Dit portret is getekend aan het eind van de achttiende eeuw, toen Marcus een jaar of vijfentwintig moet zijn geweest. Marcus is niet afgebeeld als kunstenaar, maar meer als een soort dandy. Hij draagt een zwart jasje en een witte halsdoek, en zijn haar los. Op basis van zijn kleding is het werk gedateerd tussen 1795 en 1805. Marcus is hier duidelijk jonger dan op een later portret, oorspronkelijk getekend door Hendrik Willem Caspari en door meerdere kunstenaars in prent gebracht. Op dat portret draagt hij een zeer vergelijkbare halsdoek en jas, maar ook een hoge hoed. Ook heeft hij op het latere portret grote bakkenbaarden, die op de tekening in het Amsterdam Museum nog nergens te bekennen zijn. Toch is het duidelijk dat de twee portretten dezelfde man afbeelden; zijn gezichtsstructuur is nagenoeg hetzelfde gebleven.
Er dient een kleine kanttekening te worden gezet bij de toeschrijving van dit werk. Het is niet gesigneerd en er is ook eigenlijk nergens bewijsmateriaal te vinden dat de tekening aan Marcus zelf toeschrijft. In een tentoonstellingscatalogus uit 1972 wordt genoemd dat het werk is vervaardigd door een anonieme kunstenaar, net als op de documentatiekaart uit 1961. Op die kaart is de vervaardiger later echter veranderd in Marcus zelf. Het is onduidelijk op welke grond deze aanpassing is gemaakt; het werk is niet gesigneerd en wordt ook verder niet in literatuur genoemd. De houding van Marcus, rechtop en licht glimlachend, doet niet direct denken aan de geconcentreerde blik die vaak te zien is op zelfportretten. Marcus tekende en graveerde vaker portretten, waaronder één van zijn schoonmoeder, maar dit werk is het enige bekende portret in pastelkrijt. Stilistisch zijn er wel overeenkomsten tussen het portret van Marcus en zijn portret van zijn schoonmoeder te noemen, bijvoorbeeld in de modellering van het incarnaat en in de zachte contrasten.

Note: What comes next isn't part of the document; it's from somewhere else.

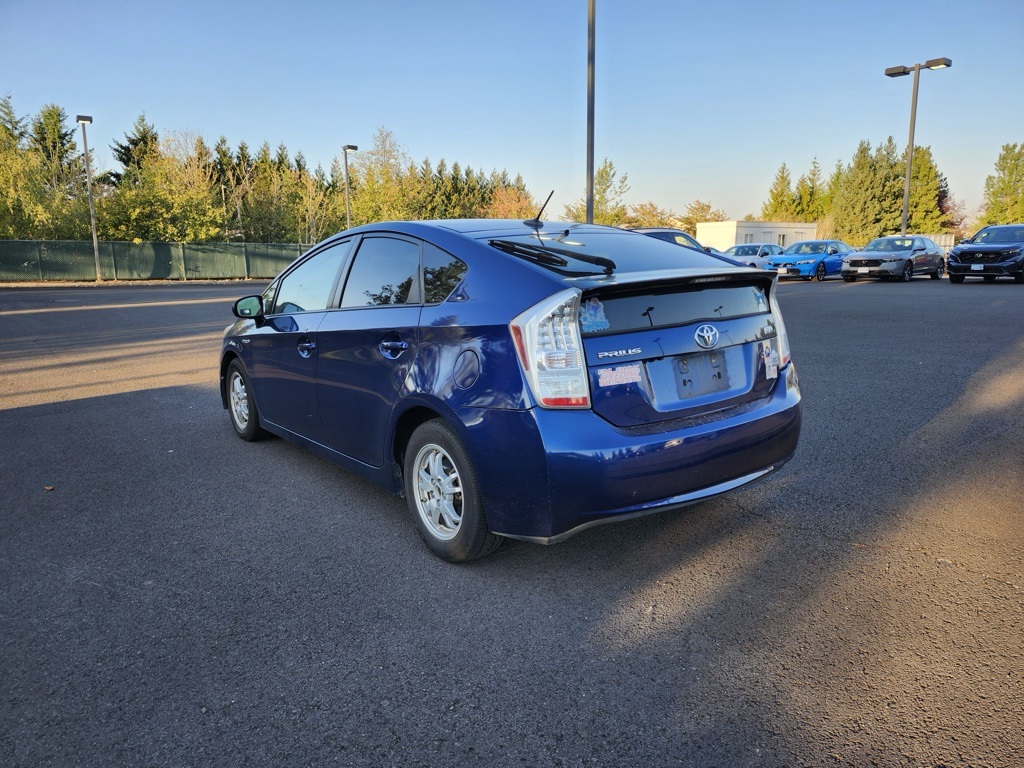 2010 Toyota Prius Three photo 4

Het Portret van Jacob Ernst Marcus en Portret van mevrouw Anna Maria Taunay-Scharff zijn uit dezelfde schenking afkomstig. In 1936 werden ze samen met een groot aantal prenten, tekeningen en documenten geschonken aan wat destijds Museum Fodor was, door mevrouw Charlotte Jacoba Dentz van Schaick-Marlof (1869-1960). Zij was de achterkleindochter van Marcus, en het werk is tot op dat punt dus altijd in de familie gebleven.